Bob MacDonald said...

Thank you Dr JKG - and congratulations. But I won't believe you any more now that you are a doctor! At least not any more than I already did before. I don't believe because of letters of authority. I believe you because your letters and words let me be creative in my understanding. That is a response to relationship.

I hope you can translate my English ambiguities.

J. K. Gayle said...

Dear Dr. MacDonald,
Thanks for your always kind, inspiring words! I love your translations, even the ones you leave for me to do.

Bob MacDonald said...

My initials are D. R. and they come before my name but they mean Donald Robert. I am not humble but I am also not a doctor. (I don't want to leave any impression that my translations - fun though they are for me - are 'authoritative' except as the gift of the anointed author lends them credence and power.)

BTW - I am glad you see Rachel's work - occasionally she knocks my socks off!

Anonymous said...

Dear Bob,

My google alert picked up your blog post and I was a bit puzzled by your analysis of my work--since I am saying almost the opposite of what you suggest. I am specifically not saying that pistis has an "idealized or precise meaning," but that it has a large semantic range that must be considered in each individual context. The ESV translation errs in defaulting to "faith," when the term can mean many different things.

Blessings,

Mark (Strauss)

P.S. And you are right, I am not mean spirited, but hopefully also not a translation snob!

Bob MacDonald said...

Hi Mark - Bob here - I think you want to address your question to the blog owner - Kurk - not to me.

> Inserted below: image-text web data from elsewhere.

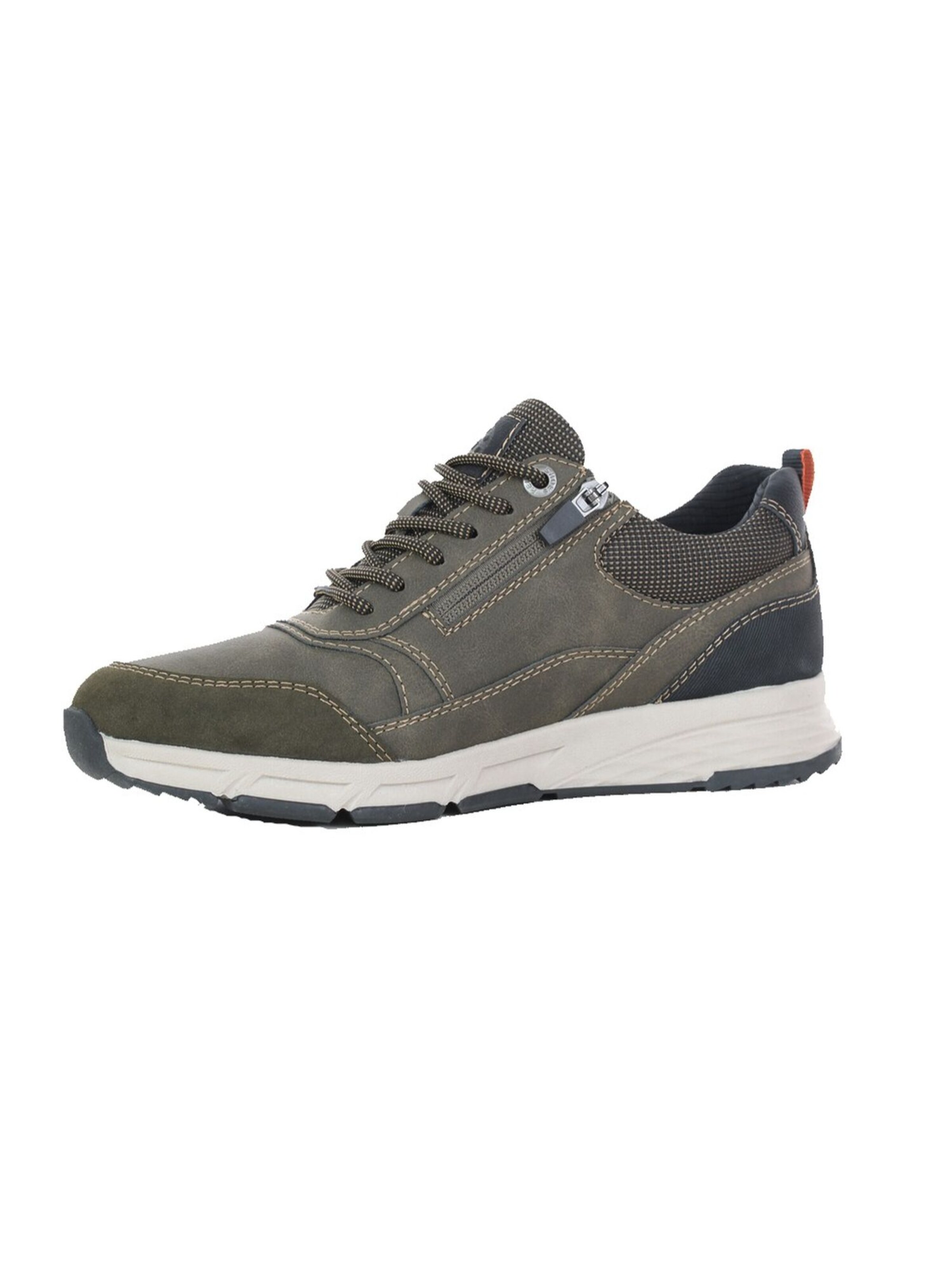 Relife Lace-up boot in Green: front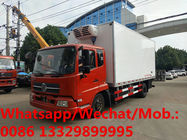 HOT SALE! 10T-15T dongfeng refrigerated truck for fresh seafish transportation, good price cold van truck with shelves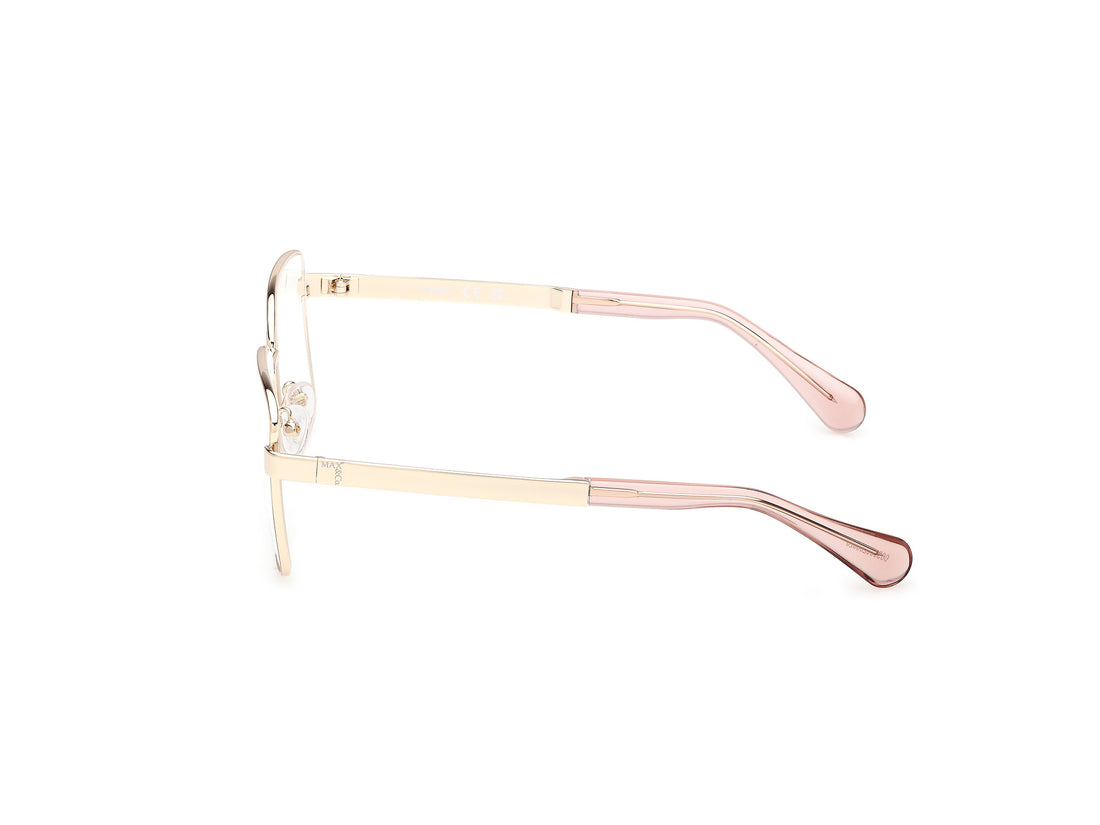 Prescription glasses max &co mo5221 032 dorado square femenino size 54mm - Detailed view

I have not commented on your long series of posts because I have found it too sparse to know exactly what concern you have with so many verses so I have personally tended not to read the posts. I don't do much Greek but my own translations of the psalms are frequently slightly archaic and awkward - much like English poetry! I design the translation for its ability to raise questions against a commonplace reading.

J. K. Gayle said...

Oh dear, I'm afraid I've confused us all with a few things. Bob, thanks for straightening us out on your name, and that you are not me. Mark, thank you for taking time to read and comment. Bob would have said things so much more nicely than I did. I certainly did not mean to say that you are a "translation snob" if you are saying it's the ESV translators who so narrowly define the Greek words. I do appreciate your paper, which Wayne Leman has posted at BBB. I do wish Bible translators and linguists and theologians and classics scholars and philosophers and literary scholars and rhetoricians would talk more, together, about their (our) translating!

J. K. Gayle said...

Ruth (Tessa),
Thank you for your kind remark and for reading. I'd love to hear from you anytime you want to comment!